Второй фантастический слой связан с некими серыми кристаллами. Если их поднести к вискам, наблюдается выпадение памяти. Снова остается непонятным — зачем понадобилось сообщать сведения, не получающие никакого развития? И наконец третье — необыкновенные гипнотические способности Гирина, который может с помощью заговора вылечить рак, взором заставить убийцу бросить оружие и стать на колени. Подобные эпизоды опять-таки вызывают недоверие к серьезности писательских замыслов, как, например, и беседа Гирина с высшими иерархами йогов, которых, тот, словно на школьном уроке, убеждает в преимуществах коллективизма и правильности выбранного его страной пути к светлому будущему.

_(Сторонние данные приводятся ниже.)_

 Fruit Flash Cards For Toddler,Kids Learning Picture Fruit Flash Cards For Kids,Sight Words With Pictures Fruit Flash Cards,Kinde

И, знаете, он почти убедил почтенных аксакалов.

«Цель романа, — писал Ефремов в предисловии, — показать особенное значение познания психологической сущности человека в настоящее время для подготовки научной базы воспитания людей коммунистического общества». Не скажу, что достигнута противоположная цель, но, во всяком случае, не эта. Быть может, сюжетная мешанина и возникла из-за невыполнимости цели. В 1963 году уже было невозможно говорить о воспитании коммунистического человека, делая вид, что идея коммунизма не подверглась эрозии.

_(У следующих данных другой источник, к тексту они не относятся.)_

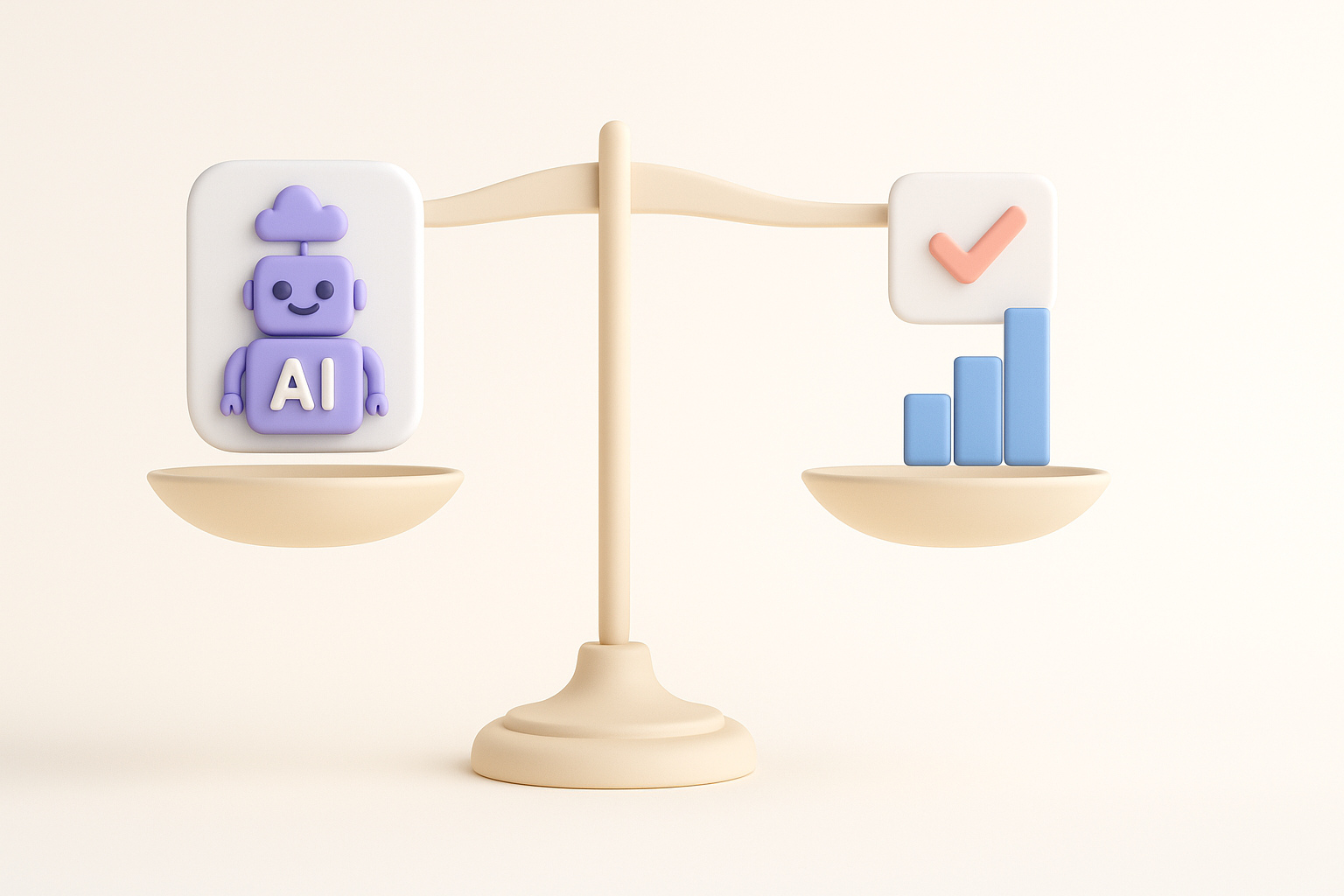 AI 工具与传统方法对比示意图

После выхода «Лезвия бритвы» проходит пять лет — и каких лет! Разворот движения шестидесятников и мощные атаки на него, появление произведений Солженицына и трактатов Сахарова, диссиденты, самиздат, суд над Синявским и Даниэлем, свержение Хрущева, танки на улицах Праги… Десятой доли хватило бы, чтобы разрушить иллюзии у колеблющихся. Нам, искренне верившим в правильность избранного пути, отречение от коммунизма давалось с большим трудом. Однако делать вид, что ничего не случилось и писать новые «Туманности» было невозможно. Но Ефремов предпринимает еще одну попытку защитить дорогие для него идеи, на сей раз с другого конца. В «Часе Быка» торжество зла он связывает не с победой социализма, а с его поражением. И снова Ефремов был не понят. Бдительные охранители рассудили, что земной экипаж введен лишь для отвода глаз, а изображение того, что происходит на погрязшем в застое и моральном распаде Тормансе, — очередной антикоммунистический пасквиль. Честно сказать, поводы для такого прочтения книга давала, не столько в силу намерений автора, сколько из-за ситуации, сложившейся в стране.

На этот раз я бы не поручился, что и у самого Ефремова не было намерения иносказательно продемонстрировать, до чего довели страну неразумные правители, хотя, несомненно, Ефремов не собирался заниматься «очернением» нашей действительности, как подобные действия квалифицировались в партийных документах. Он хотел всего-навсего исправить допущенные ошибки, потому считал гражданским, а может быть, и партийным долгом указать на них. Но воспитание в обстановке культа личности ни для кого не прошло даром. Автор пугается собственной смелости и старается обложить удары ватой. Поэтому земные герои «Часа Быка» гораздо чаще, чем персонажи «Туманности Андромеды», рассуждают о том, какой прекрасный образ жизни у них на Земле, хотя и нет необходимости каждую минуту вспоминать об этом. Но Ефремов все еще надеется раскрыть глаза членам Политбюро. Сам Ефремов отводил обвинения в свой адрес, говоря о «муравьином социализме», признаки которого он находил в китайской «культурной революции». Но независимо от намерений автора все, что творилось на Тормансе, с неотвратимостью проецировалось на нашу страну. Пожалуй, Ефремов даже заглянул вперед — в книге просматриваются ассоциации с временами застоя и — как его следствия — нынешнего беспредела. Надсмотрщики беспокоились не зря, хотя, если говорить положа руку на сердце, скрывать наши прорехи было уже невозможно. Тем не менее советским писателям не полагалось делать неподобающих намеков. «Римская империя времени упадка сохраняла видимость крепкого порядка», — пел также гонимый Окуджава.